*** Exercise material ***
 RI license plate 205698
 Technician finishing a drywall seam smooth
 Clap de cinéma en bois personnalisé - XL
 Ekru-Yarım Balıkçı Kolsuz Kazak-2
*** End of Exercise material ***
*** Exercise material ***
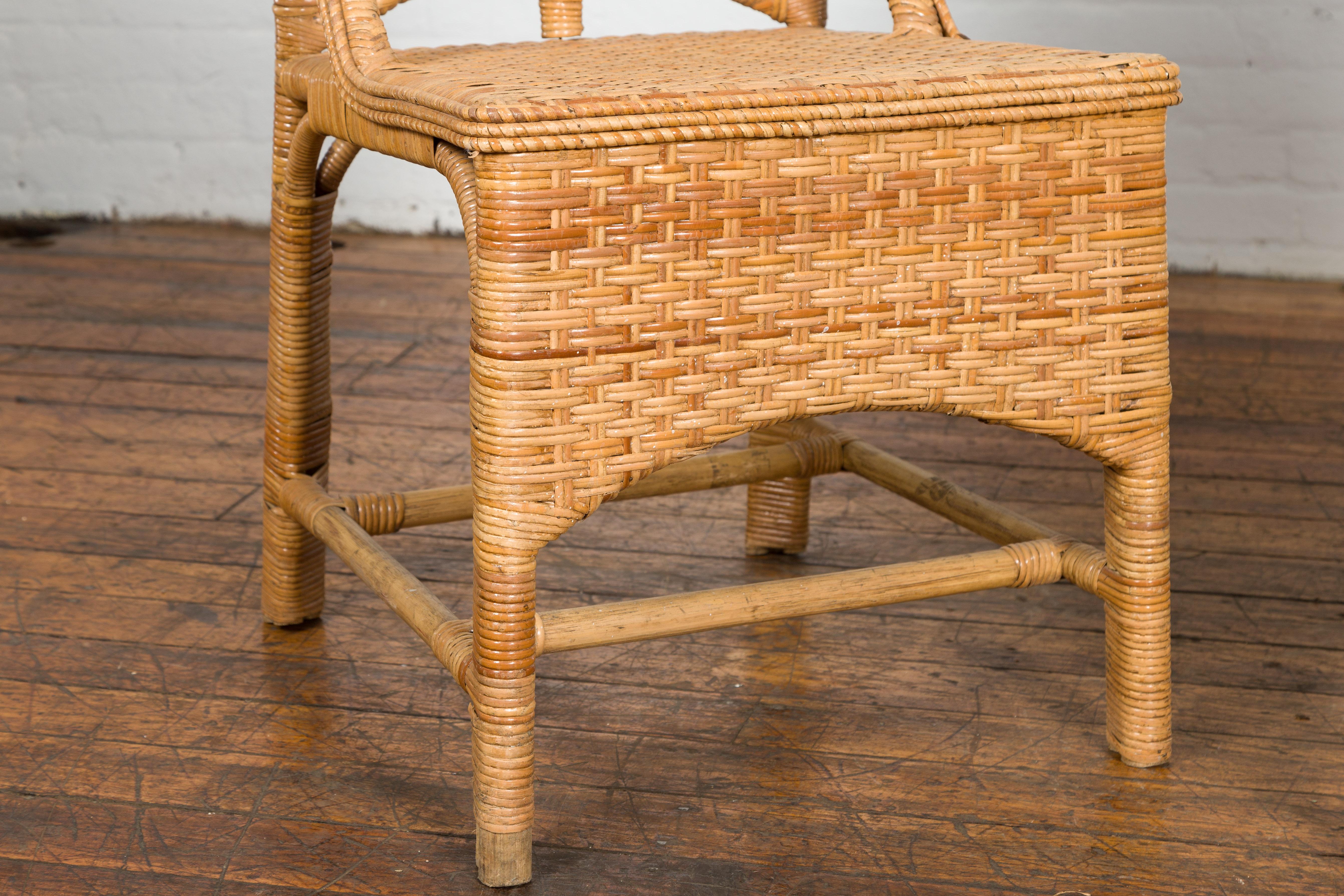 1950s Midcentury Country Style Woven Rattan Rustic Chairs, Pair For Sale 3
*** End of Exercise material ***
__Task statement__
Reproduce word for word the material above, beginning with the line that contains "Clap de cinéma en bois personnalisé - XL" and ending with the line that contains "Ekru-Yarım Balıkçı Kolsuz Kazak-2".

__Response box__
 Clap de cinéma en bois personnalisé - XL
 Ekru-Yarım Balıkçı Kolsuz Kazak-2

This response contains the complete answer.